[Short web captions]
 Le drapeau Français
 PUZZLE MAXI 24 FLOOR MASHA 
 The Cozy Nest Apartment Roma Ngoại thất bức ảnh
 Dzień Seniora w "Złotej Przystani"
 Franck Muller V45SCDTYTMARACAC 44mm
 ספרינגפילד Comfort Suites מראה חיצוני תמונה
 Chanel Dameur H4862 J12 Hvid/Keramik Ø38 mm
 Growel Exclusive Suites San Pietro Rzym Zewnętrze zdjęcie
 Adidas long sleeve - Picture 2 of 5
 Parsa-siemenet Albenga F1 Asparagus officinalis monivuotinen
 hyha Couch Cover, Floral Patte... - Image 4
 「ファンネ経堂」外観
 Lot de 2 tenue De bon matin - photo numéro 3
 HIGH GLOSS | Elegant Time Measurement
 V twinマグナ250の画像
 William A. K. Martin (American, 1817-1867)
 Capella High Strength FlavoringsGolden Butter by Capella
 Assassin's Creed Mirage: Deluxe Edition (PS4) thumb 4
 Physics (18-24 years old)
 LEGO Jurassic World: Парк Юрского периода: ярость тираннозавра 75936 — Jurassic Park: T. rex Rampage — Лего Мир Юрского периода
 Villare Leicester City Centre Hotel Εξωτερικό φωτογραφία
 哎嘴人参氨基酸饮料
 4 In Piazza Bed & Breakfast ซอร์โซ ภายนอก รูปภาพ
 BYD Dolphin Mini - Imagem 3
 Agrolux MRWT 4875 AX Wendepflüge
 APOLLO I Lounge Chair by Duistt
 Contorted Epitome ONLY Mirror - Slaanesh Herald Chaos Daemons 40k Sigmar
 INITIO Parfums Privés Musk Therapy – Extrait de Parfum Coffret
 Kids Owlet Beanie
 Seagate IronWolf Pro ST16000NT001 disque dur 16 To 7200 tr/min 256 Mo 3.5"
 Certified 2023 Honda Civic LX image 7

▶ _Assigned task_:
If a line in the entries above contains "Suites", it counts toward the total; give only that total.

▶ _Exercise solution_:
2